In Europe, dancers fare better because ballet is forced to play by society's rules.  Ballet may create a magical world on stage, but dancers know that there is nothing magical about low pay and poor working conditions, sacrifice and injury.  They've learned how to fight to protect themselves.  There are some American dancers who have also learned that lesson.  They are the superstars who insist upon high salaries, a measure of control over their working lives, a great deal of security, and even more respect.  The difference between Europe and America is that across the Atlantic star dancers are not singled out:  When dancers are truly protected, all are protected equally.

Off Balance: the Real World of Ballet by Suzanne Gordon.  1983.  Page 215.

The power of Mathilde Kschessinska

 On April 15th I appeared in the other ballet I had inherited from Legnani, La Camargo, a work in three acts and five tableaux in Louis XV style, by Saint-Georges and Petipa.  It was responsible for another clash between Prince Volkhonsky, Director of the Imperial Theatres, and myself.  Legnani had performed the Russian dance in a Louis XV style costume, whose billowing skirts, supported by hoop petticoats, hindered her movements and robbed the dance of all its charm.  Legnani was certainly an excellent dancer, but she paid far less attention to costume than I did.  I knew perfectly well that in these clothes I would look ugly, on account of my small size, and that I would also find it quite impossible to execute the Russian dance in the way I wished to do it.  It consists of imperceptibly subtle touches, which contribute its value.  I had therefore given my reasons to the wardrobe-keeper, adding that I would naturally put on the presribed costume, but without the tiresome hoops, whose absence would anyway not be noticed under the billowing skirts.  My remarks, wholly justified as they were, were doubtless misrepresented to the Director to appear a mere whim.  In any case, my observations were disregarded and I was again told that I must put on the hoops without fail.  I then received the impression that someone was trying to pick a quarrel with me on a trifling excuse.

Just before the performance began Baron Koussov, Theatre Manager in the Imperial Theatres, entered my dressing-room and insisted once more in the Director's name that I should put on the hoops.  The disagreement had now gone on for some time, and the public, who knew all about it, was impatiently waiting the outcome of  "the affair".  The outcome was that I categorically refused to put on the hoops and danced without them!  If it had not been for the publicity given to the quarrel, nobody could ever have known if I was wearing the hoops or not.
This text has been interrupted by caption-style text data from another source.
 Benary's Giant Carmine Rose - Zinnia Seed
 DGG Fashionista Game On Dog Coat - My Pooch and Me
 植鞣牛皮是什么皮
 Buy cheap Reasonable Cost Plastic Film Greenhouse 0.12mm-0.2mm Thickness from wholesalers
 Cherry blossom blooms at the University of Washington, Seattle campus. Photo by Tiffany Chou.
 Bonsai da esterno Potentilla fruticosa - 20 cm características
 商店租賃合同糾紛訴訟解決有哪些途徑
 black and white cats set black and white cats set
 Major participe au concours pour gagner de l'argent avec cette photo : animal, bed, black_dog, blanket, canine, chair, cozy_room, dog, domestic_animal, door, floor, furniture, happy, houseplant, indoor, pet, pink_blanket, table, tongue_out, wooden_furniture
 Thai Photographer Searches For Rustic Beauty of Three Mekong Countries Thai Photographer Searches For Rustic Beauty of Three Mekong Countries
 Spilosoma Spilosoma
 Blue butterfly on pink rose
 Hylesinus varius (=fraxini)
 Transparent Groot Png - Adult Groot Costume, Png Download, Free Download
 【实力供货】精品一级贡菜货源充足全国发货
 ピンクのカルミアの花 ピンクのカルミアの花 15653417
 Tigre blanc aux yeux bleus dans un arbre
The next day when I arrived at the theatre for rehearsal I read on the Administration's notice board: "The Director of the Imperial Theatres fines the ballerina Kschessinska [so many rubles] for an unauthorised change in the costume prescribed by regulation for the ballet La Camargo".  Bearing in mind my salary and position, the fine was so small that it was clearly meant to provoke and not to punish me.  I could not submit to such an insult without taking steps to put it right.  I had no other resource but to apply once more to the Tsar, begging him to have the fine remitted through the same channel.  And now a notice went up on the board:  "The Director of the Imperial Theatres hereby orders a remission of the fine imposed on the ballerina Kschessinska for an unauthorised change in the costume prescribed by regulation in the ballet La Camargo."  Following this incident, Prince Volkhonsky felt that he should not remain at his post and handed in his resignation  However, his prestige and independence did not suffer as a result..  He left in July 1901 and was succeeded by V. A. Teliakovsky.

Dancing in Petersburg: the Memoirs of Mathilde Kschessinska. 2005. Pages 81-2.